Me quedan unos restos de
actividad académica: una tarde a la semana acudo a la sede que la UNED tiene
abierta en Béjar para ejercer la tutoría de los alumnos que acceden a una
carrera universitaria. Les doy clase de lengua española y de comentario de
texto. Son solo dos horas pero con ello mato el gusanillo y me siento un poco más
en forma y menos olvidado. Los últimos temas de sintaxis analizan la unidad
superior de relaciones lingüísticas, la oración, y en su escudriñamiento tienen
que ver los alumnos cómo se va tejiendo la red de relaciones que conforman una
oración y, lo que es más importante, una idea. En ello andamos. El asunto se
complica cuando la oración se hace compleja y se alarga en sus apartados y
complementos, hasta llegar a los más mínimos detalles.

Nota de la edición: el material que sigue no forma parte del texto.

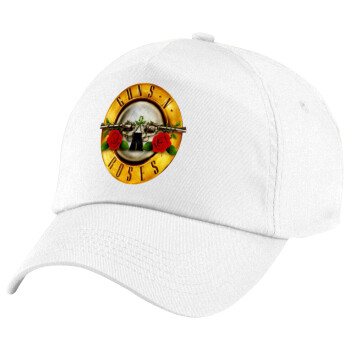 Guns N' Roses, 5-Panel Cap White, 100% Cotton (Twill), (UNISEX, ONE SIZE)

Procuro hacer hincapié ante mis
alumnos en la correspondencia que existe entre las formas de pensar y sus
traslados lingüísticos en general. Siempre les digo que el más brutote y el
menos cultivado es el que parece, ante los demás, que todo lo tiene claro y que
muy pocas veces transita caminos intermedios. La consecuencia es que usa frases
cortas, a veces inacabadas, con escasos complementos y menos composición. Por
el contrario, el más cultivado y el más sabio es aquel que duda más, que
encuentra más aristas en los razonamientos, que observa los grises entre los
blancos y los negros, que aspira a más sutileza, que alcanza más detalles y más
perfiles. Después lo vuelca en oraciones más extensas, con más complementos,
con más complejidad y subordinación. En definitiva, que la lengua es una de las
mejores muestras, si no la mejor, de la personalidad y de la forma de ser de
cada ser humano. A mí me sirve, además, para demostrar a los demás y convencerme
a mí mismo siempre de que el estudio de cualquier disciplina alcanza su último
valor no en sí misma sino puesta al servicio de la vida real del ser humano,
eso que olvidan tanto los legisladores de derechas y los profesores de la misma
cuerda.
El desarrollo del programa me ha
pillado con el asunto este del debate sobre el estado de la nación. Vi algo a
primeras horas de la tarde y, por alguna razón, me acordé de mis clases de
lengua y de comentario de texto. Comprendo las exigencias del tiempo y del
espacio (yo mismo me las impongo en esta ventana cada día), pero, a pesar de
todo, parecía como si los oradores se exigieran a sí mismos -tal vez empujados
por los electores y por sus propios compañeros sobre todo- el aquí te cojo y
aquí te mato, el esquema y el dato escueto, el olvido del contexto, la
imposibilidad del matiz, la negación de la mano tendida, el descuido de la
bondad de la bajada de tono y la serenidad, la obligatoriedad de la
superioridad sobre el contrario y el jugarse el ser o no ser personal ante sus
colegas y ante los medios de comunicación.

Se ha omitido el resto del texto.